Tuesday, October 04, 2005

Not Only the Poor will always be with you....

I was going to respond to jane's comment below, but decided it was leading to something larger.


Yesterday I went to a luncheon of a local business group to hear our parish's disaster-preparedness manager give a talk. The man is our local voice in the wilderness about preparedness, and some folks don't believe his dire warnings about the possiblities for a catastrophic flooding situation in our town. I believe him. He says, "Get the hell out," and that's what I plan to do.

I asked if anyone had thought of a plan similar to the WPA after the depression of the thirties, putting local people to work on recovery projects or a program like the Marshall Plan after WWII. One man piped up, "Those people won't work." I have heard many, many racist remarks recently.

My sister sent me an email with a picture titled "Why There Was No Looting in Texas". It's a picture of about a dozen smiling, white guys with their guns holding a sign which reads, "Drunks With Guns; U Loot; We Shoot." Really funny.
The reason I asked the question below, is because this is an issue of race and class, two things we are supposed to "ignore" in America.

Much of the violence in New Orleans, we now know, was grossly exaggerated, and not all of it due to the conditions or the panic of the people trapped in the city at the time:


A week after the floodwaters poured into the city, an Arkansas National Guardsman told The Times-Picayune of New Orleans that soldiers had discovered 30 to 40 bodies inside a freezer in the convention center's food area. Guardsman Mikel Brooks told the newspaper that some of the dead appeared to have met violent ends, including "a 7-year-old with her throat cut."

When the convention center was swept, however, no such pile of bodies was found.
Per Amy Goodman, the Wall Street Journal has reported that much of the looting apparently occurred under the auspices of police seeking much-needed supplies from flooded stores, and the District Attorney of Orleans Parish says two bodies were recovered, one apiece, from the Superdome and the Convention Center (despite reports the Superdome was so violent even the National Guard troops there fled in terror). It is still our secret de Polichinelle (is it really an accident that the National Guardsman who reported that false horror were from Arkansas, while most of those trapped in the city were black?). We are still circling it, like water circling a drain. We are still facing it, and still hoping it will go away. We are still determined to put more energy into protecting what we "own," than in taking care of those we are responsible for.

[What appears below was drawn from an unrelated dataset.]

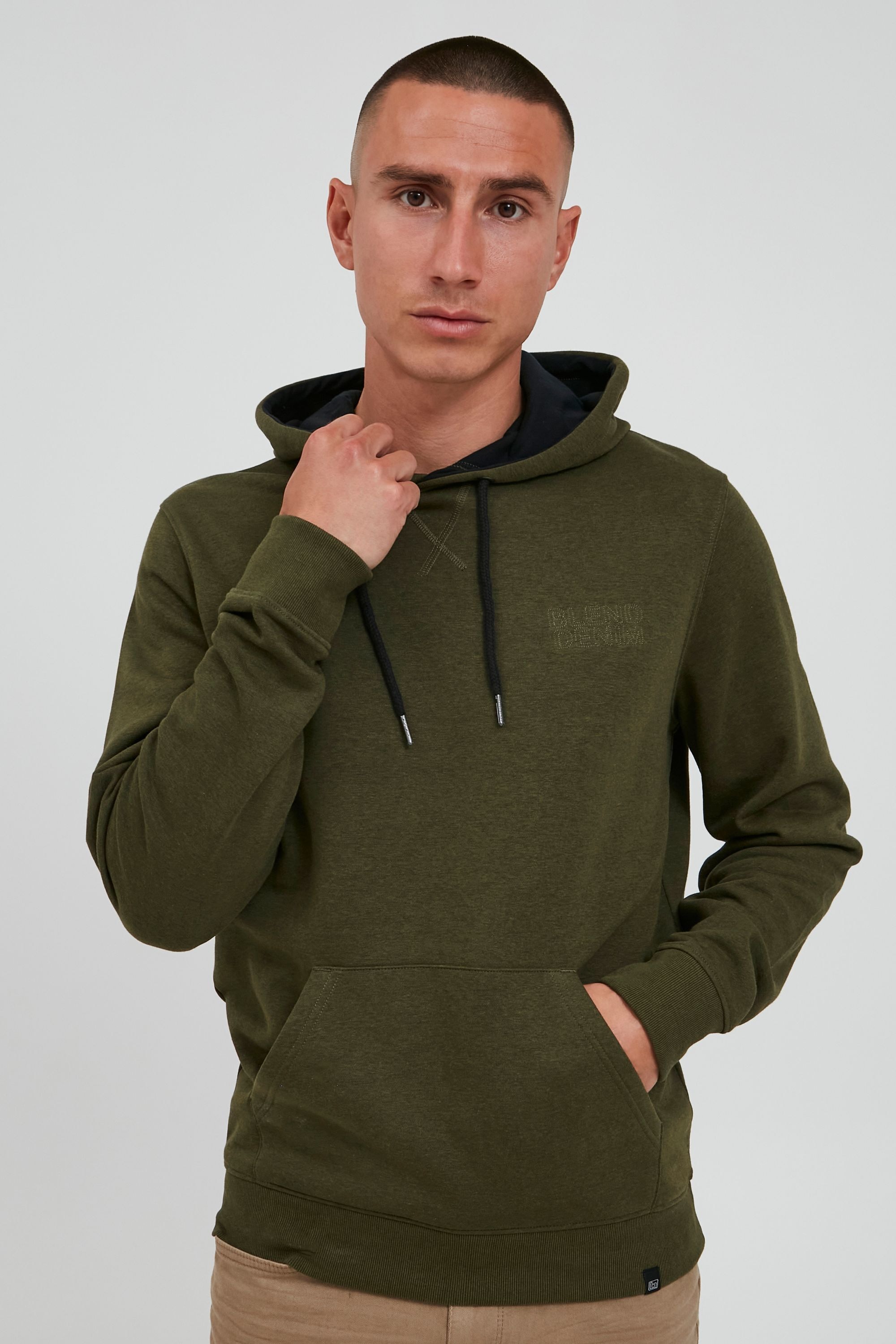 Blend Kapuzenpullover "BHHarrison", Lässiger Hoodie mit Kapuze und Kängurut günstig online kaufen
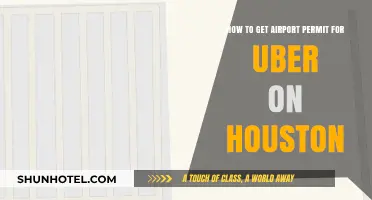 How to Obtain an Airport Permit for Uber in Houston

Atrios brings us to the issue of Bill Bennett, and the fact that we still talk about racism in coded terms. New Orleans exposes the source of our racism, and, as ever, it has to do with property: with who owns what, and why. Basil named it rightly, although the word has so much sting we don't like to use it now: it is avarice. It is as American as racism and apple pie, and it seems we can't pay enough attention to it. But is is greed, pure and simple:

THEY say: whom do I wrong by keeping my property? What, tell me, is your property? Where did you find it and brought it to your life? Just like someone in the theatre, who had a seat and then stopped those who entered, judging that what lies common in front of everyone to use, was his own: rich men are of the same kind. They first took possession of the common property, and then they keep it as their own because they were the first to take it. If one had taken what is necessary to cover one's needs and had left the rest to those who are in need, no one would be rich, no one would be poor, no one would be in need.

Isn't it true, that you fell off the womb naked? Isn't it true, that naked you shall return to the earth? Where is your present property from? If you think that it came to you by itself, you don't believe in God, you don't acknowledge the creator and you are not thankful to Him who gave it to you. But if you agree and confess that you have it from God, tell us the reason why He gave it to you.

Is God unjust, dividing unequally the goods of our life? Why are you rich, while the other is poor? Isn't it, if not for any other reason, in order for you to gain a reward for your kindness and faithful providence, and for him to be honored with the great awards of patience? But you, having gathered everything inside the bosom of avarice which is always empty, do you think that you wrong no one, while you strip so many people?

Who is the greedy person? It's him, who doesn't content himself with what he has. And who strips? He who steals what belongs to the others. And you think that you are not greedy, and that you do not strip the others? What was granted to you, in order for you to take care of the others, you took it and you made it your own. What do you think?

He who strips the clothed is to be called a thief. How should we name him, who is able to dress the naked and doesn't do it, does he deserve some other name? The bread that you possess belongs to the hungry. The clothes that you store in boxes, belong to the naked. The shoes rotting by you, belong to the bare-foot. The money that you hide belongs to anyone in need. You wrong as many people as you [are] able to help.